• _THE DATA_

--

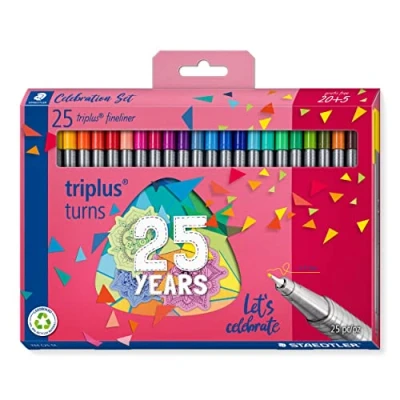 Afbeelding van Staedtler Fineliner Triplus, Set Van 25 Fineliners (20+5), Geassorteerde Kleuren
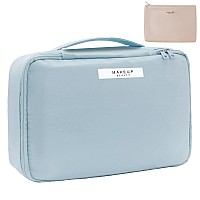 Queboom Travel Makeup Bag Cosmetic Bag Makeup Bag Toiletry Bag For Women And Men Blue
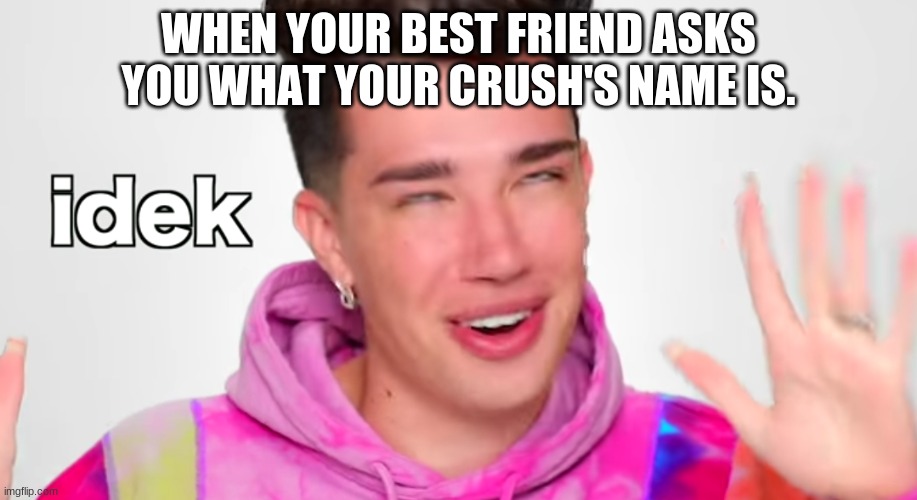 James doesn't even know | WHEN YOUR BEST FRIEND ASKS YOU WHAT YOUR CRUSH'S NAME IS. | image tagged in funny memes,relatable,crush | made w/ Imgflip meme maker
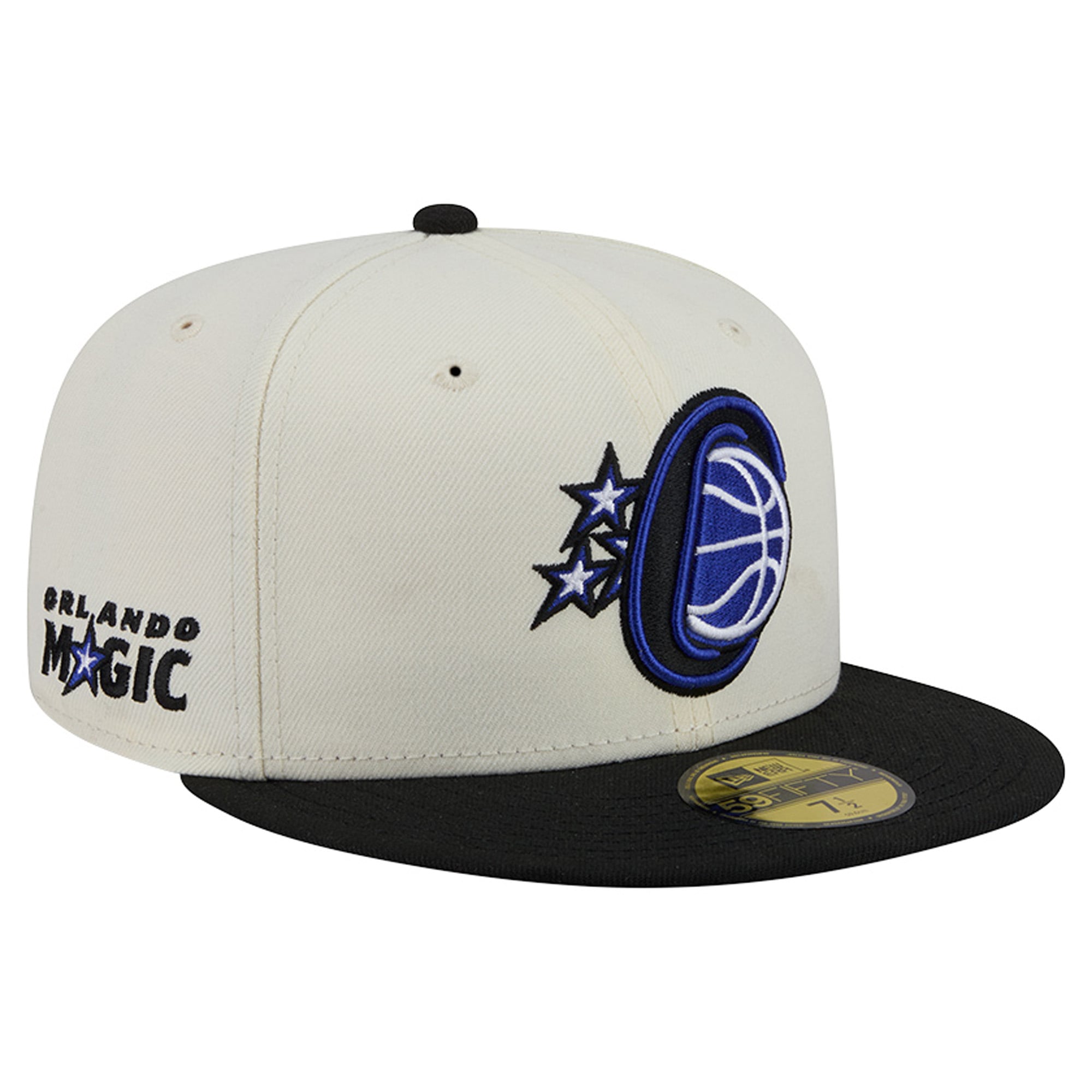 Men's New Era Cream/Black Orlando Magic Deceptor 59FIFTY Fitted Hat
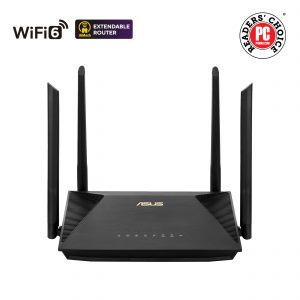 Asus Wireless AX1800 Dual Band Gigabit Router RT-AX53U 1201+600 Mbit/s Ethernet LAN (RJ-45) ports 4 Mesh Support No MU-MiMO Yes No mobile broadband Antenna type External antenna x 4 36 month(s)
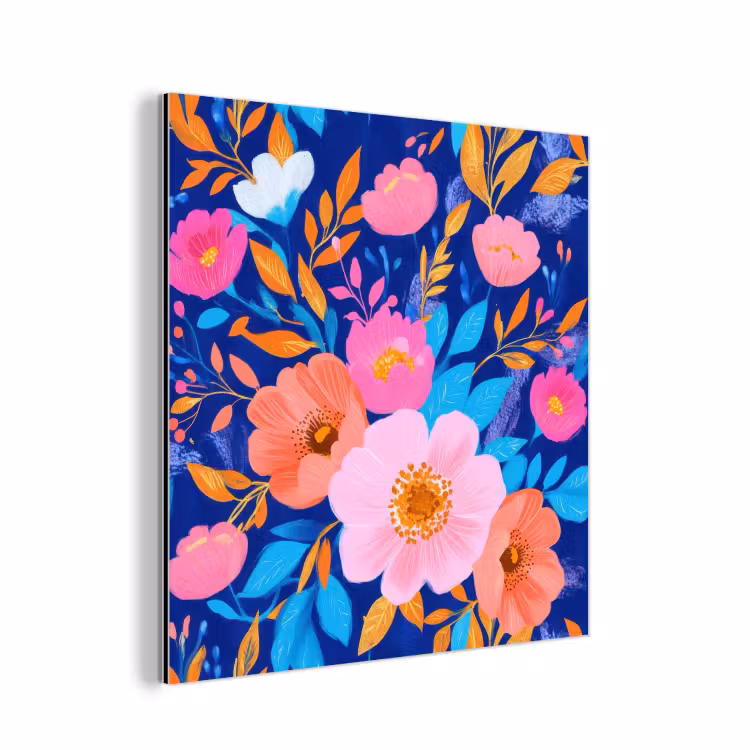 Alu-Dibond-Bild - Blumen - Blau - Rosa — 1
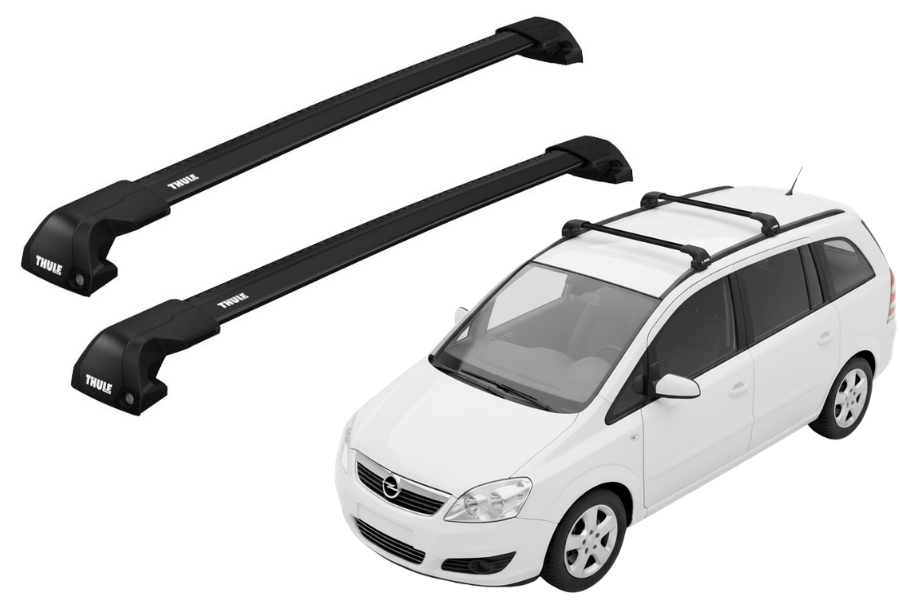 Barras THULE EDGE Flush para autos OPEL Zafira 2005 a 2006 negro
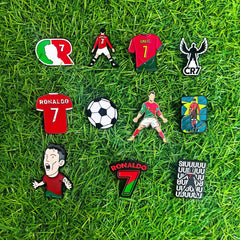 11-Pack Soccer Star Number 7 Theme Badges Perfect Gift Bundle MU #7 Siu Celebration Pins Fan Favorite Jersey #7 Ideal for Collecting and Displaying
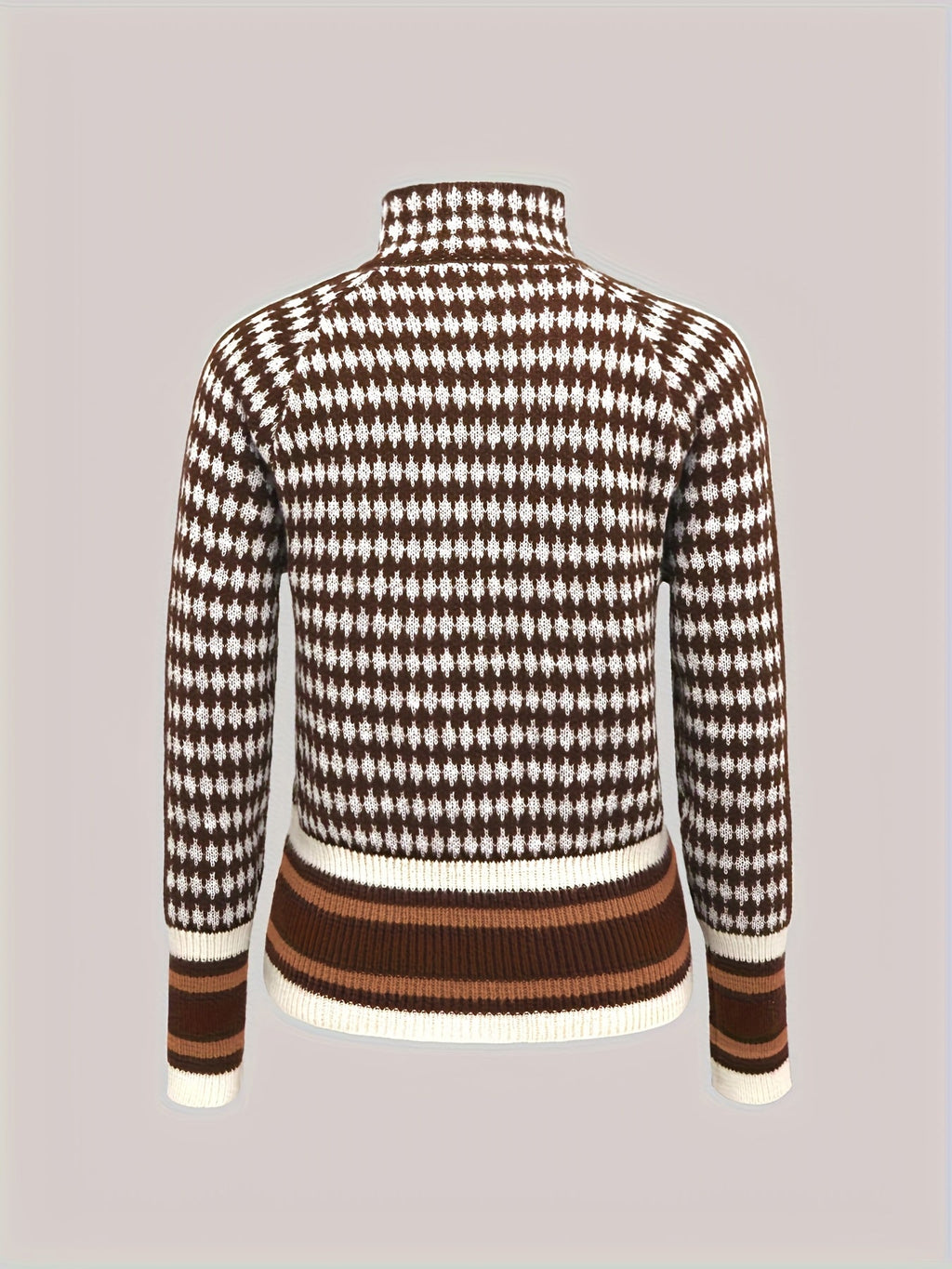 Houndstooth Zip-Front Cardigan Women's Long Sleeve Knit Jacket Brown White – Casual, Office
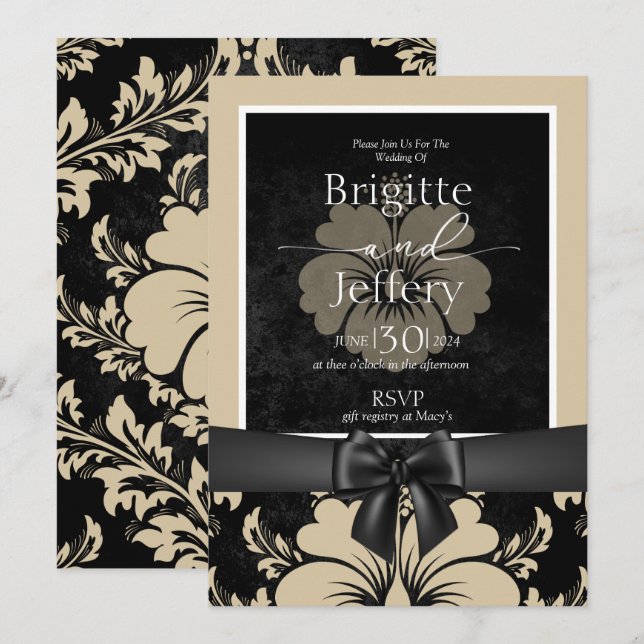 O convite de casamento beige e preto (Frente/Verso)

--

• _EXERCISE AIM_
Your task is to retype the records above in full and exactly, omitting the pictures.

• _SOLUTION FOR THIS TASK_
 Afbeelding van Staedtler Fineliner Triplus, Set Van 25 Fineliners (20+5), Geassorteerde Kleuren
 Queboom Travel Makeup Bag Cosmetic Bag Makeup Bag Toiletry Bag For Women And Men Blue
 James doesn't even know | WHEN YOUR BEST FRIEND ASKS YOU WHAT YOUR CRUSH'S NAME IS. | image tagged in funny memes,relatable,crush | made w/ Imgflip meme maker
 Men's New Era Cream/Black Orlando Magic Deceptor 59FIFTY Fitted Hat
 Asus Wireless AX1800 Dual Band Gigabit Router RT-AX53U 1201+600 Mbit/s Ethernet LAN (RJ-45) ports 4 Mesh Support No MU-MiMO Yes No mobile broadband Antenna type External antenna x 4 36 month(s)
 Alu-Dibond-Bild - Blumen - Blau - Rosa — 1
 Barras THULE EDGE Flush para autos OPEL Zafira 2005 a 2006 negro
 11-Pack Soccer Star Number 7 Theme Badges Perfect Gift Bundle MU #7 Siu Celebration Pins Fan Favorite Jersey #7 Ideal for Collecting and Displaying
 Houndstooth Zip-Front Cardigan Women's Long Sleeve Knit Jacket Brown White – Casual, Office
 O convite de casamento beige e preto (Frente/Verso)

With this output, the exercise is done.